Beginning with the line containing "Subway | restaurant" and going on through the line containing "Randigt grisch bälte", the lines below are to be returned exactly, pictures excluded and nothing added.

GIVEN RECORDS:
--- --- ---

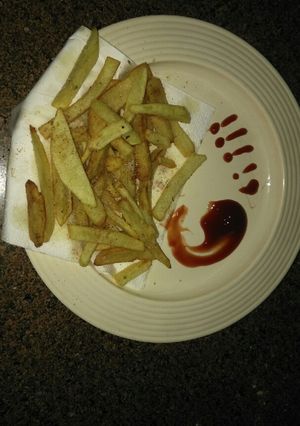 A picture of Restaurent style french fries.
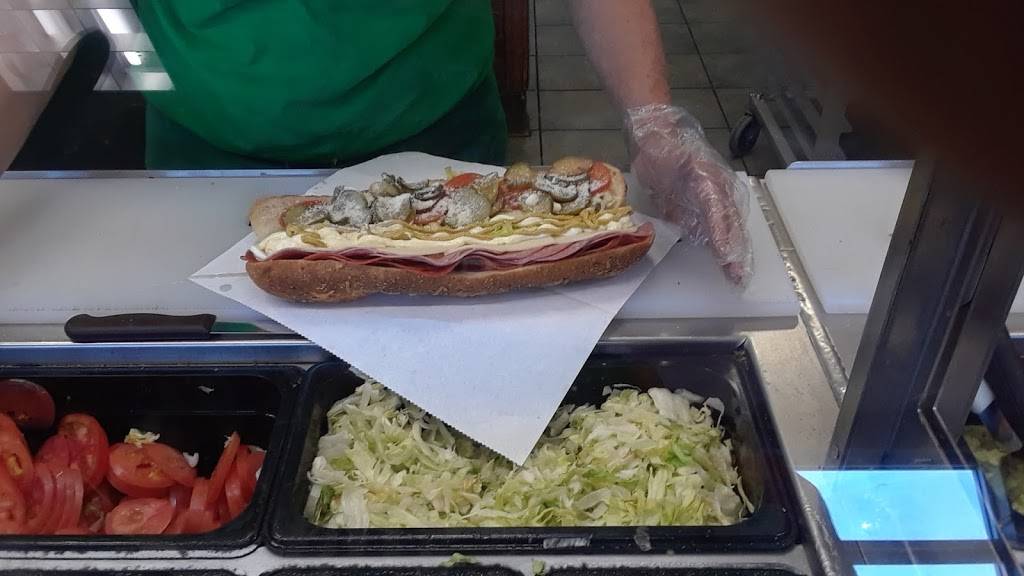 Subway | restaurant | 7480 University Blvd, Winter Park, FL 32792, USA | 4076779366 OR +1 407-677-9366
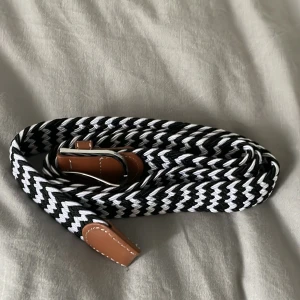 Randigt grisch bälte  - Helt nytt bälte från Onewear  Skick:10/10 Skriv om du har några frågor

--- --- ---

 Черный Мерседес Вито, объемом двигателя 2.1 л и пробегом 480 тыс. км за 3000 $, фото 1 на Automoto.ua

--- --- ---

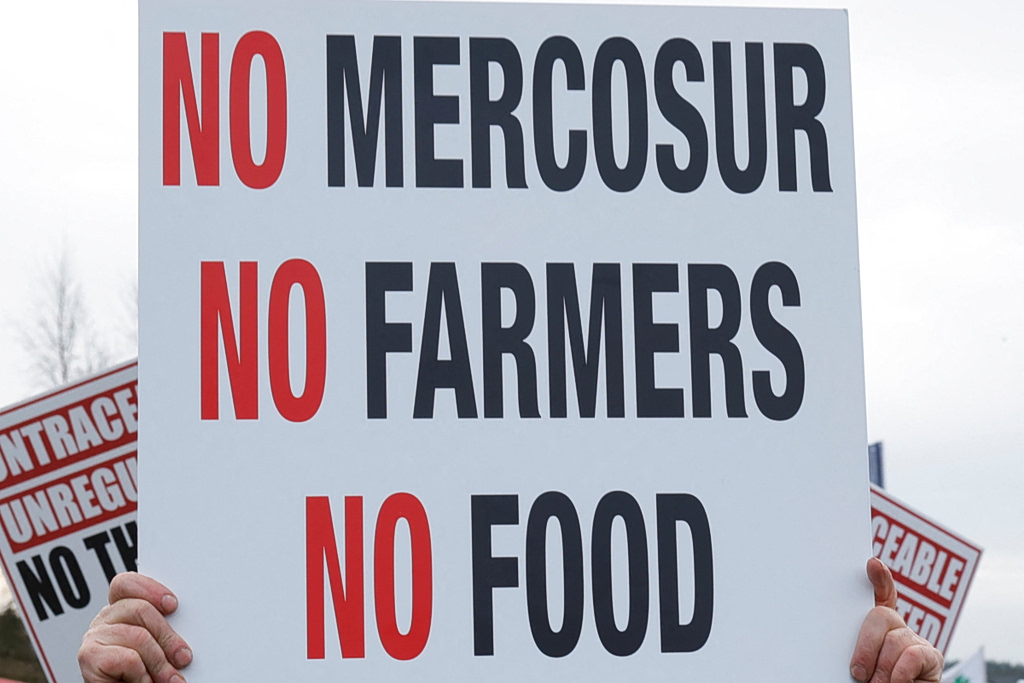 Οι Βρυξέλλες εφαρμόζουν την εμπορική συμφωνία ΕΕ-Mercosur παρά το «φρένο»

--- --- ---

RESPONSE BOX:
 Subway | restaurant | 7480 University Blvd, Winter Park, FL 32792, USA | 4076779366 OR +1 407-677-9366
 Randigt grisch bälte  - Helt nytt bälte från Onewear  Skick:10/10 Skriv om du har några frågor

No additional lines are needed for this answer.